Los libros y Alejandría

Jorge Alania Vera

Jorge.alania@gmail.com

Desde Lima, Perú, para LA NACIÓN de Guayaquil, Ecuador.

 

 

 

 

 

 

Se sabe que una vez existió porque atesoró los libros y la historia. En su apogeo guardó casi un millón de manuscritos y aunque mil quinientos años después serían ceniza, nada ni nadie los ha podido borrar de la memoria de los hombres. Cada barco que llegada a Alejandría era revisado minuciosamente y si se hallaba un libro, éste se llevaba a la Biblioteca para que fuera copiado. Tolomeo III rogaba a los monarcas de su tiempo que le prestaran sus libros. Embelesado por el olor de los papiros y sospechando que de alguna secreta forma cifraban todo lo que fue y lo que será, dio en agotar su vida en esa recolección alucinante. Cuando Atenas le prestó los textos de Eurípides, Esquilo y Sófocles, él los copió devolvió las copias y guardó los originales porque ya eran suyos. De él fue la idea de hacer el primer catálogo de todo ese maravilloso patrimonio, al que llamó <<pinakes>> de donde se deriva la palabra pinacoteca, que quiere decir: galería, museo de pinturas. Los libros vistos como una tela en la que están grabados la forma y el fondo de una época que nunca ha de volver y que ya ha vuelto.

Me imagino a Zenódoto de Éfeso oficiando, como un sacerdote, el ritual de la lectura y clasificación de los poemas cuya perpetuidad le había sido revelada por los dioses. Pienso en Calímaco de Cirene, recorriendo, bajo el fuego de una antorcha, los largos habitáculos donde nada se podía perder porque ya estaba atesorado para siempre.
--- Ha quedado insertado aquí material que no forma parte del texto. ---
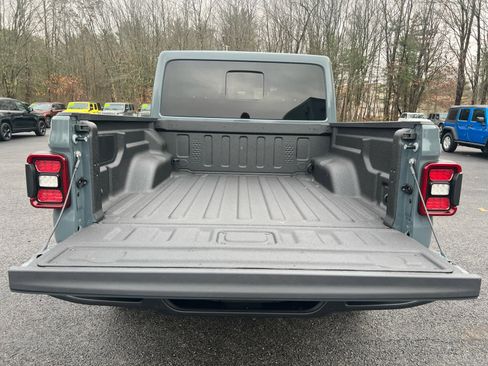 New 2026 Jeep Gladiator Sport image 14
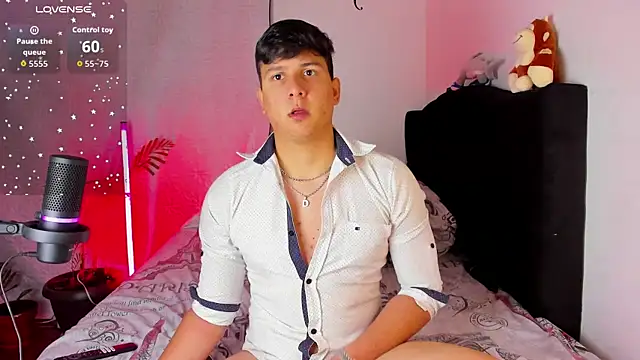 ANDREZALVAREZ online show from 04.16.26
Veo a Aristarco de Samotracia redactando la gramática de todas las lenguas y a Aristófanes de Bizancio compendiando las metáforas del universo.
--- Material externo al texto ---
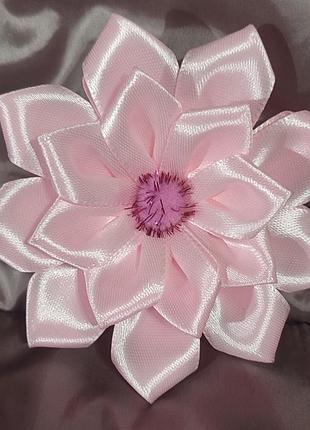 Резиночки и заколочки канзаши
Los libros son la memoria de los tiempos pero también su mayor obra de arte. Cada hombre, al leerlos, vuelve a crear un mundo, vuelve a soplar el barro y darle vida. La mirada que registra los nombres de los seres y de las cosas registra algo más: su profundo secreto, su arcano, su magia. En el principio era el verbo y quien conoce el verbo conoce el principio y puede intuir el fin. La biblioteca de Alejandría se quemó en el siglo segundo de nuestra era. Pero la mirada que se posó en los libros y se los llevó con ella, jamás podrá ser pasto de las llamas.